Linguistically, the Ogiek (or Okiek) speak a collection of Southern Nilotic dialects within the Kalenjin macrolanguage, though their tongue is distinct for its specialized vocabulary regarding forest ecology and beekeeping—terms often absent in the pastoralist-focused dialects of their neighbors. While the ethnic population is over 52,000, the UNESCO Atlas of the World's Languages in Danger classifies their language as critically endangered, with fluent speakers possibly numbering as few as 500 as younger generations shift toward Kipsigis, Maasai, or Swahili.

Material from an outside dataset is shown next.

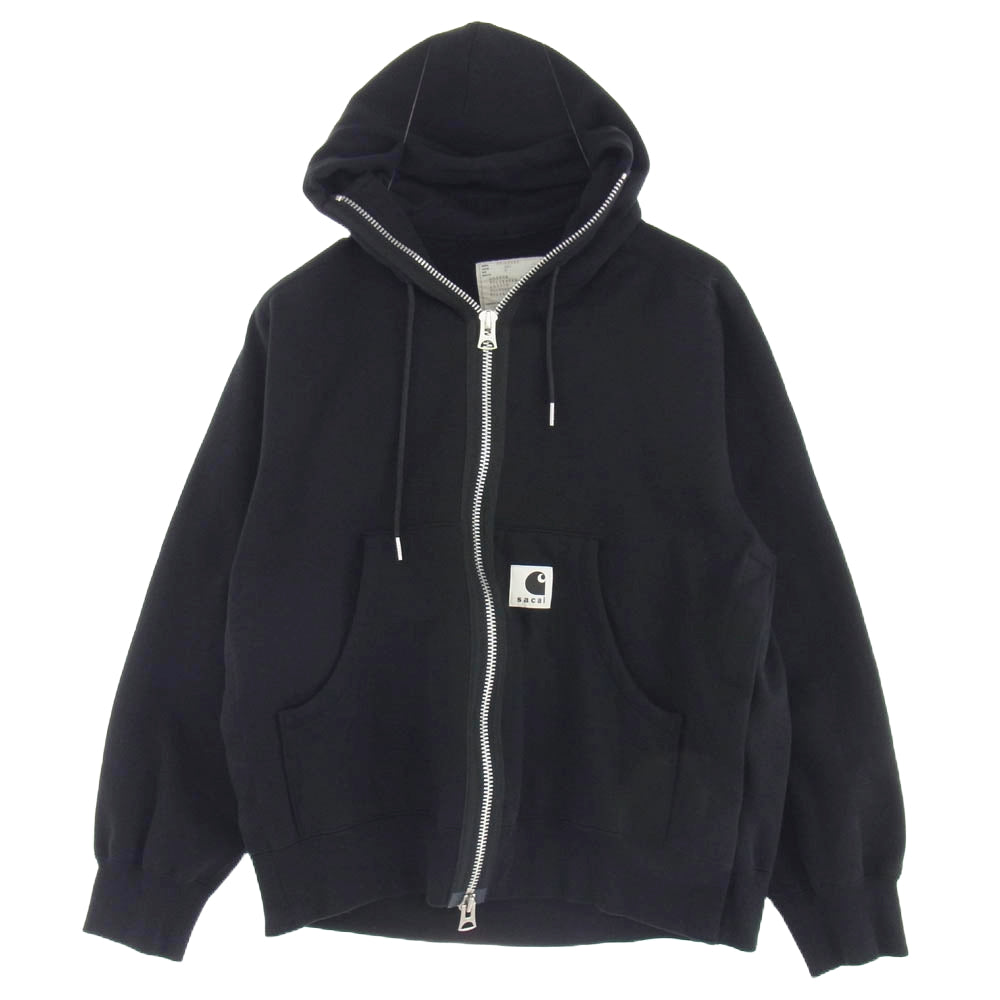 Sacai サカイ 23AW 23-0556S × Carhartt WIP Hoodie カーハート ジップアップ スウェット パーカー フーディー ブラック系 2【中古】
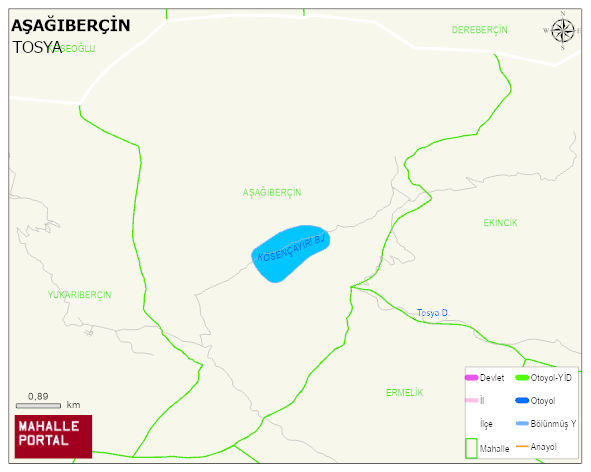 AŞAĞIBERÇİN Köyü Haritası | Mahalle ve Köy Sınırı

Despite this shift, the language remains a vital cultural marker of their identity as "caretakers" of the forest, preserving an ancient linguistic layer that predates the arrival of larger migratory groups in the East African highlands.

==Land disputes==
The Ogiek have made numerous claims against the government of Kenya alleging unfair treatment, especially that they have been illegally dispossessed of their land.
Timsales Ltd is active in deforestation in its area for long. It is partly owned by relatives of former presidents Kenyatta and Moi.

On June 23, 2022, the African Court on Human and Peoples' Rights ruled that the Kenyan government must pay the Okiek 157,850,000 shillings for decades of material and moral damages, recognize their indigeneity and help get them official titles to their ancestral lands.

== Notable Okiek people ==

- Naiyan Kiplagat, environmental activist.